Title : Genetically Modifying Humans Via Antibiotics? Something You Need To Know
link : Genetically Modifying Humans Via Antibiotics? Something You Need To Know
Genetically Modifying Humans Via Antibiotics? Something You Need To Know
By Lisa BloomquistA new class of antibiotics has been developed by researchers at Oregon State University. New antibiotics are called PPMOs, representing phosphorodiamidate morpholino oligomers of peptide conjugate. They are "a synthetic analogue of DNA or RNA that has the ability to silence the expression of specific genes." (1) The way PPMO antibiotics work is "specifically address the underlying genes of a bacterium." In plain English, PPMOs will genetically modify the bacteria.

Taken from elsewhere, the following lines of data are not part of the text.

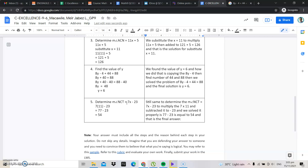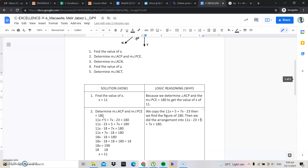We need to determine the measure of angle NCT, which equals 7x minus 23. We substitute x equals 11: 7 times 11 equals 77, minus 23 is equal to 54. What we did here is remove the x and replace it with 11. We copied the 7, changed the x into 11, and multiplied. The final answer for angle NCT is 54.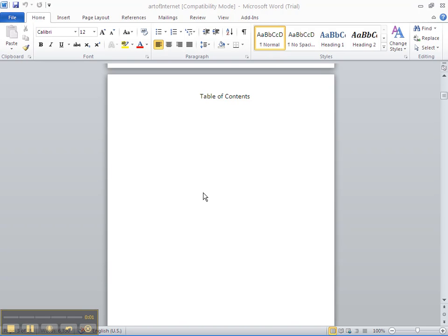Welcome back. Let's do our table of contents. In the last video, we set up the headers and subheaders so that our table of contents can be made very quickly.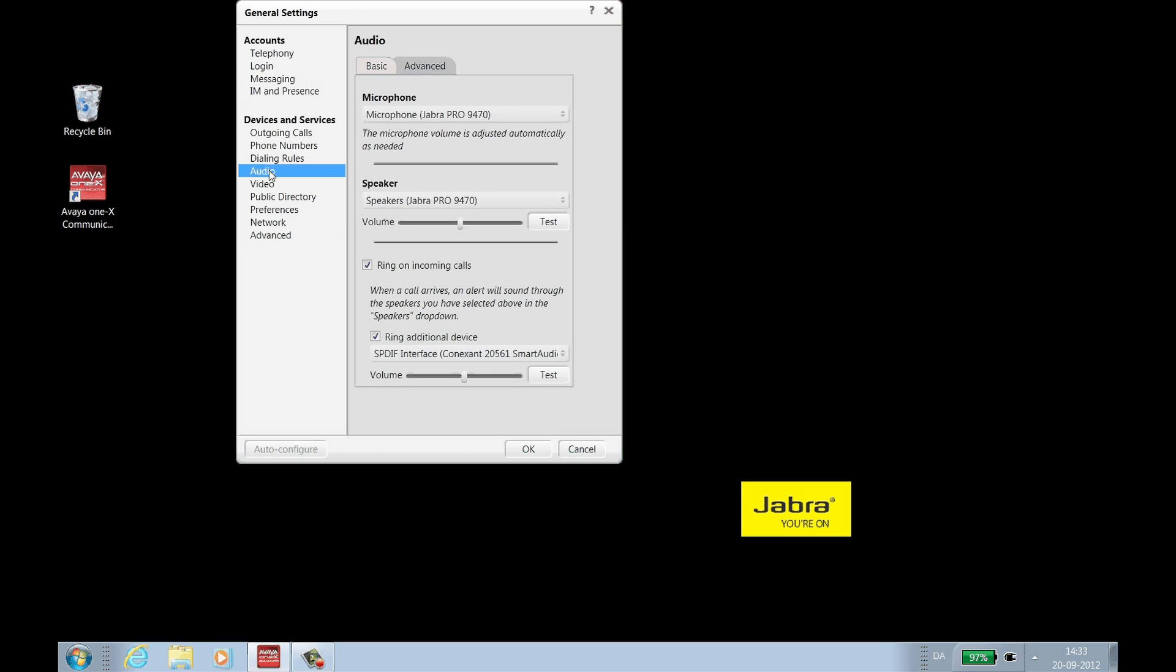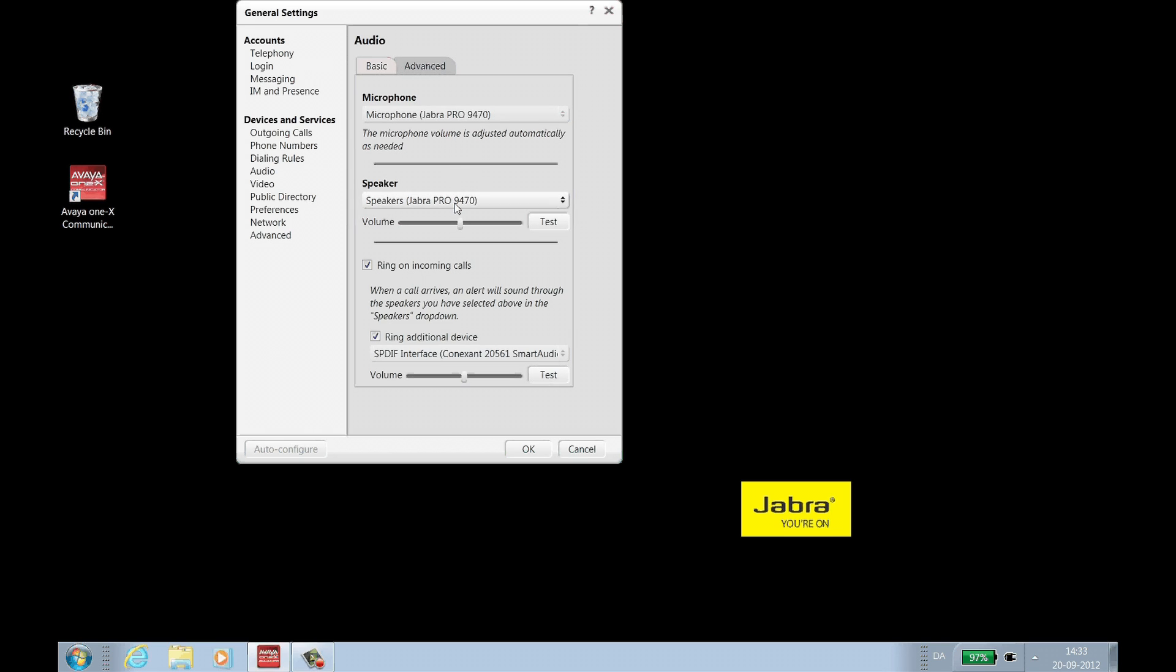Click the Basic tab. Under Microphone, choose your Jabra headset. Under Speaker, choose your Jabra headset. When complete, click OK.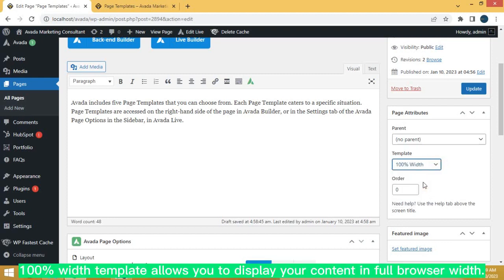100% width template allows you to display your content in full browser width.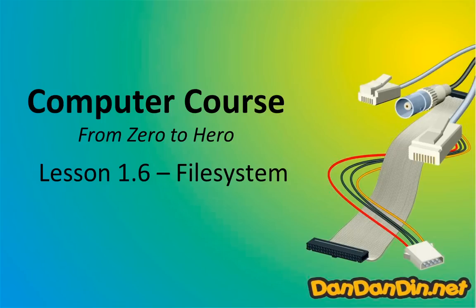Anyway, if you are one of the few people interested in this computer course from zero to hero, this is lesson 1.6, the file system.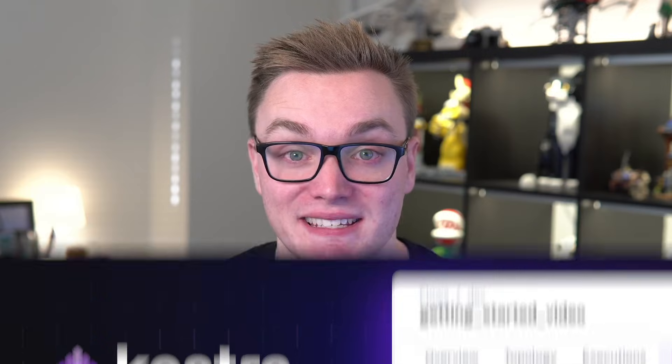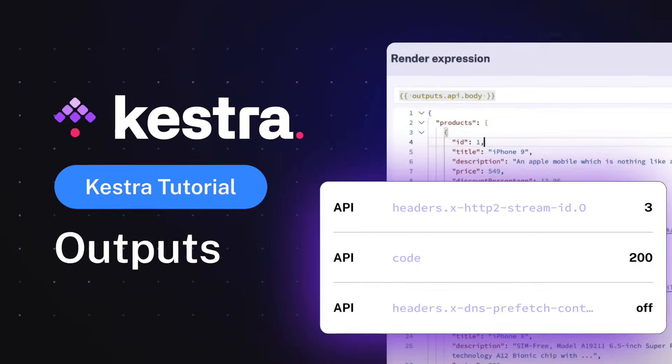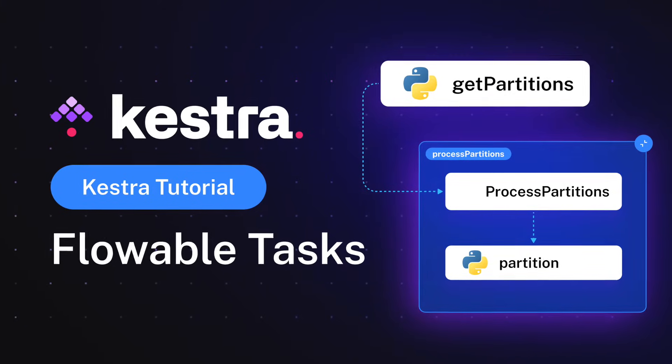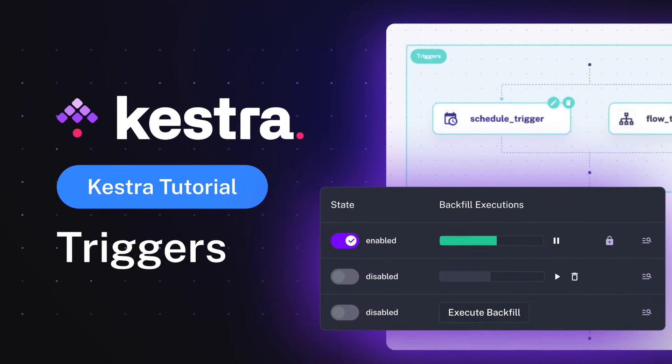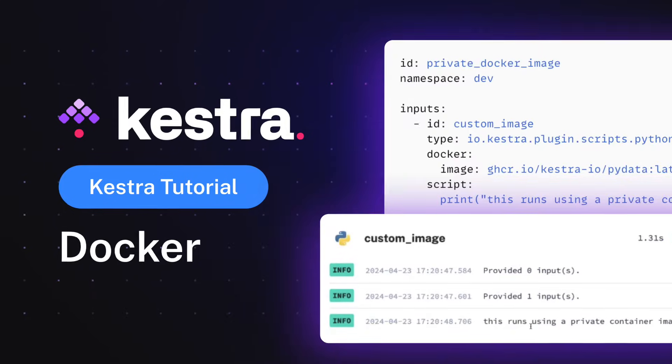After that, we've also got a short tutorial series. This series covers things such as building your first workflow, inputs and outputs, flowable tasks where you can control your orchestration logic, triggers for being able to set when the workflow will run, and managing your dependencies using Docker. This will give you a good foundation of all the things that you'll need to build complicated workflows.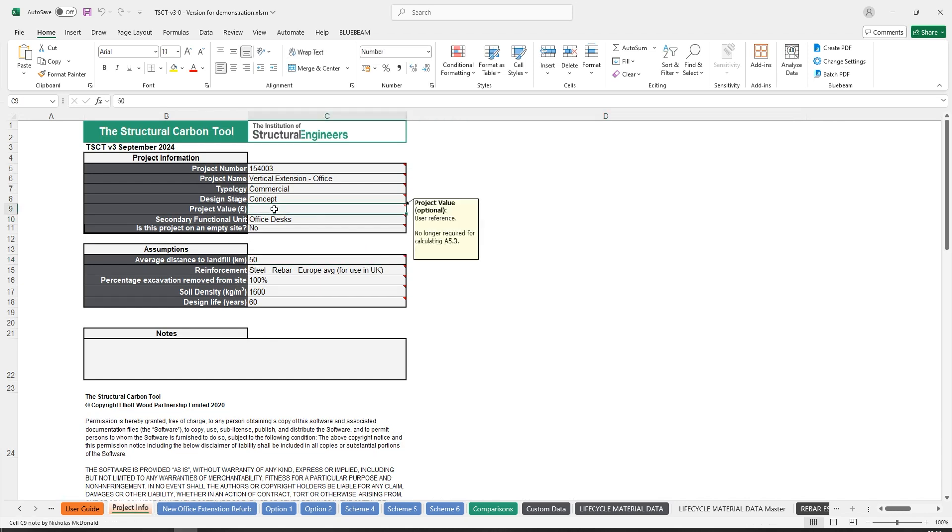The project value tab has been retained, however this is no longer required for calculating A5.3, so this is only there if users wish to enter it in.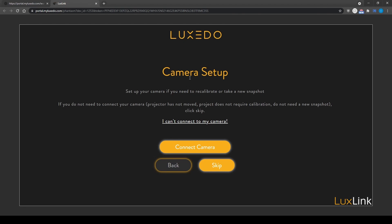Next, let's set up your camera. Ensure your camera is USB connected, then click connect camera.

This may not sound like a horrible thing in the initial view. The bacteria are generally regarded as evil (soap commercials have conditioned us), something to fight because some bacteria can cause illness and even death if your body is flooded with "bad" bacteria. However, bacteria and other single-celled organisms that form the human microbiome are intimate parts of every human being. On the Project Human microbiome:

Average 200 lbs human body contains 6 pounds of microbioma organisms, including several billion bacteria (3) . These bacteria act in symbiosis with us, which helps digest food, vitamins and extracts other food nutrients, regulate the immune system and even contribute to the personality of each individual. For an article published in Molecular Psychology
"CNS neurotransmission can be deeply disturbed by the absence of normal intestinal flora." (4) multiple neurochemicals are produced by intestinal bacteria, including 95% of serotonin in every human body (5) . Studies on mice have shown that behavioral changes can be triggered by changes in gut bacteria and has been shown that people with Crohn's disease and other gastrointestinal disorders often suffer from anxiety and depression. Health microbiome each person is intimately connected to both their physical and mental health.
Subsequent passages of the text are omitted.